* [What you should do]: The listing below is to be output in its exact form.
- - - - -
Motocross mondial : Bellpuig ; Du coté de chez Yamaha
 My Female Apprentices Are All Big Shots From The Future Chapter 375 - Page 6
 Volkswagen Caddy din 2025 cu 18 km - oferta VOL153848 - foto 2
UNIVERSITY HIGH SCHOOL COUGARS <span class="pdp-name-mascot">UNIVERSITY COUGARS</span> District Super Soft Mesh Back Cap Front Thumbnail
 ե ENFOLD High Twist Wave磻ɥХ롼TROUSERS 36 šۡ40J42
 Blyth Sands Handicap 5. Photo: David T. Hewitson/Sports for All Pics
- - - - -
* [Output of the task]:
Motocross mondial : Bellpuig ; Du coté de chez Yamaha
 My Female Apprentices Are All Big Shots From The Future Chapter 375 - Page 6
 Volkswagen Caddy din 2025 cu 18 km - oferta VOL153848 - foto 2
UNIVERSITY HIGH SCHOOL COUGARS <span class="pdp-name-mascot">UNIVERSITY COUGARS</span> District Super Soft Mesh Back Cap Front Thumbnail
 ե ENFOLD High Twist Wave磻ɥХ롼TROUSERS 36 šۡ40J42
 Blyth Sands Handicap 5. Photo: David T. Hewitson/Sports for All Pics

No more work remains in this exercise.